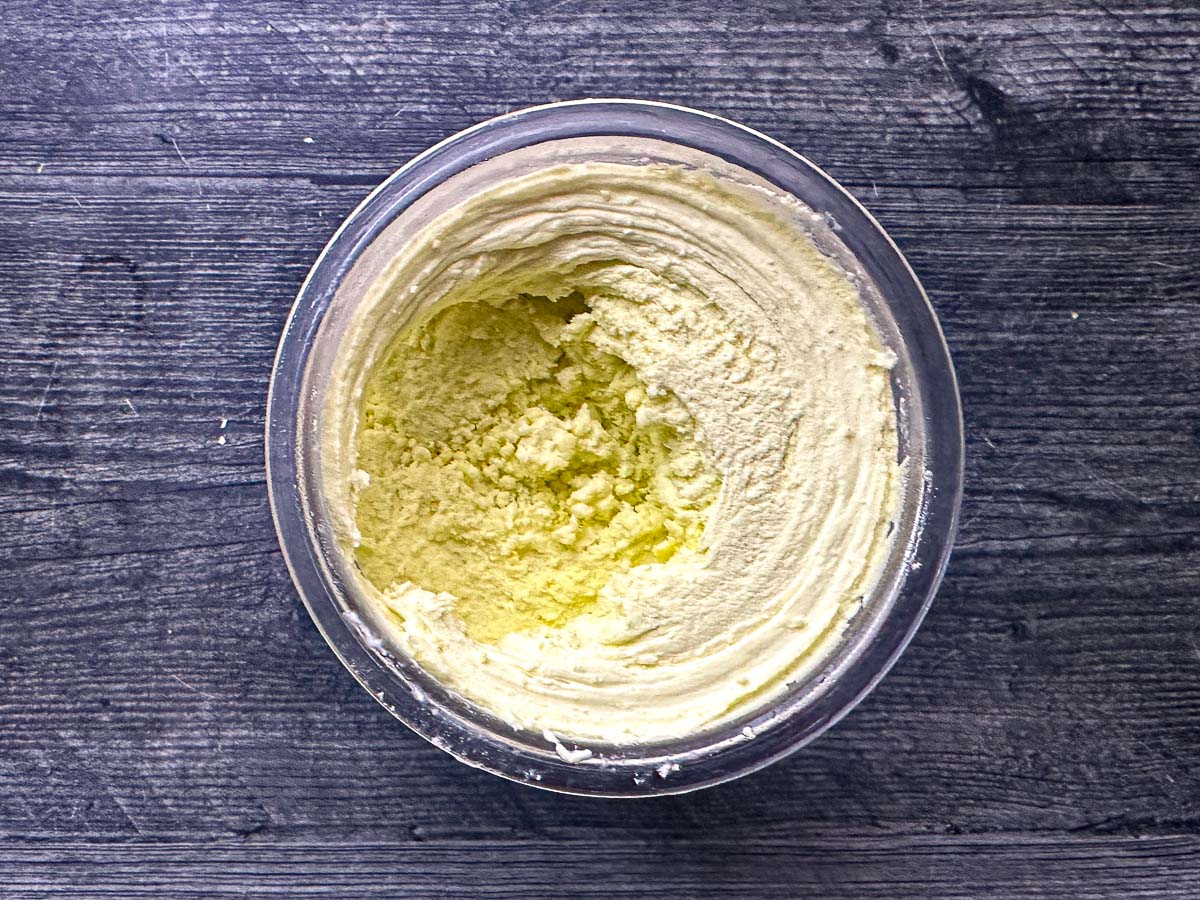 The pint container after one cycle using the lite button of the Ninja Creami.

* * *

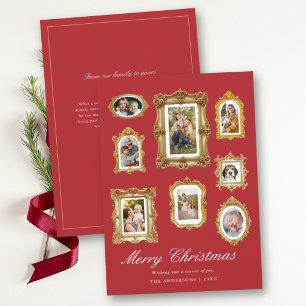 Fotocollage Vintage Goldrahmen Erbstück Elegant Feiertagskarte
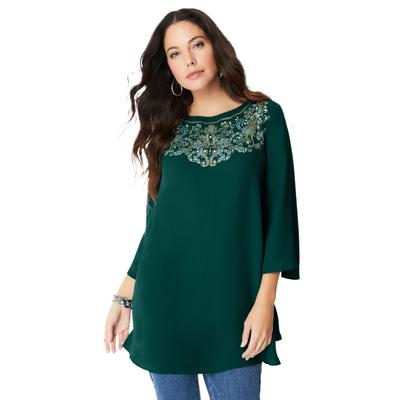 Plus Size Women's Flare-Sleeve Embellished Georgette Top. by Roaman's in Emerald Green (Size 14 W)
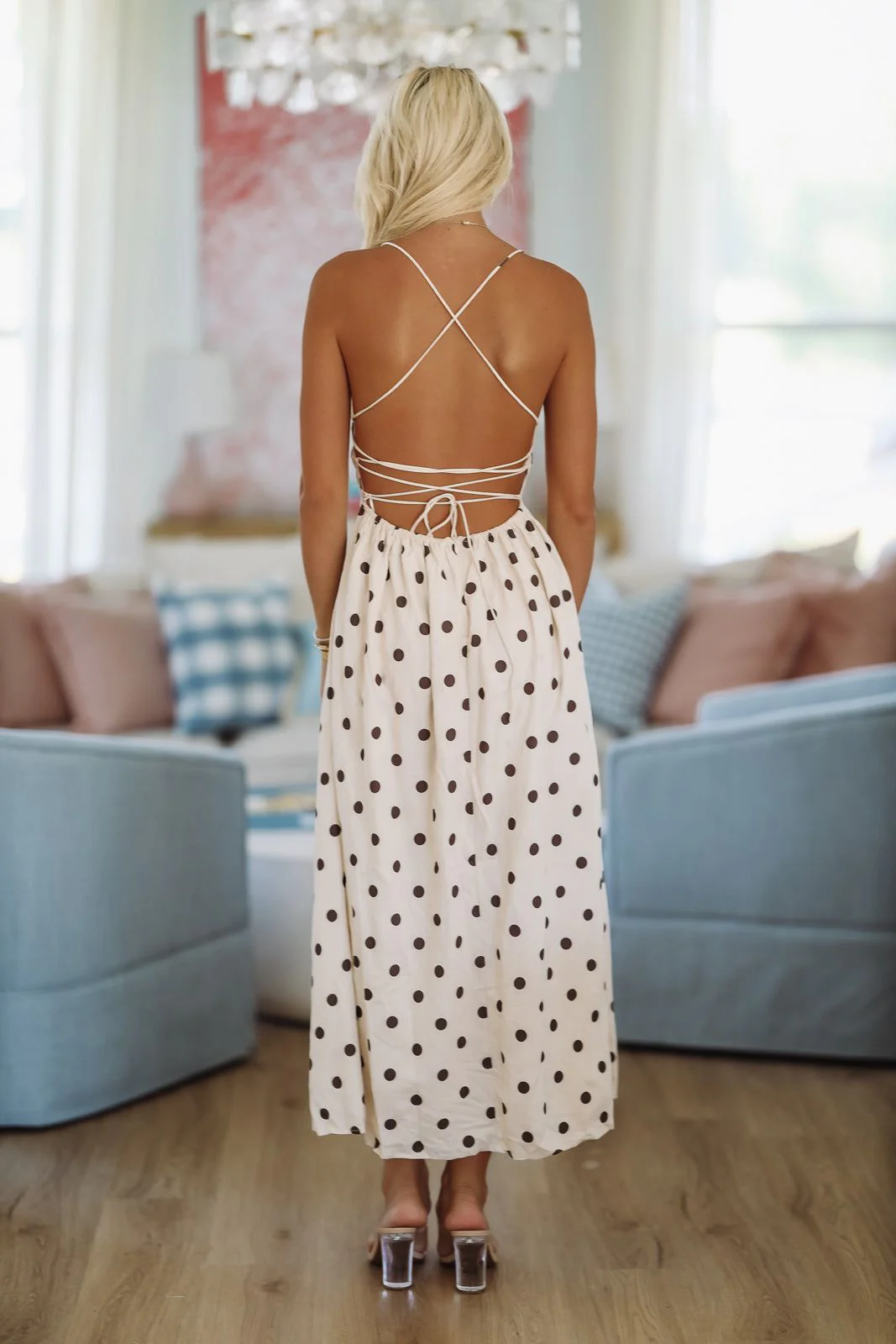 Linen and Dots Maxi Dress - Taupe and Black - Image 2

# [THE PROBLEM]
Copy the listing above exactly, but only from the line with "Plus Size Women's" through the line with "Linen and Dots", including those two lines and excluding any picture.

# [SOLUTION FOR THIS EXERCISE]
 Plus Size Women's Flare-Sleeve Embellished Georgette Top. by Roaman's in Emerald Green (Size 14 W)
 Linen and Dots Maxi Dress - Taupe and Black - Image 2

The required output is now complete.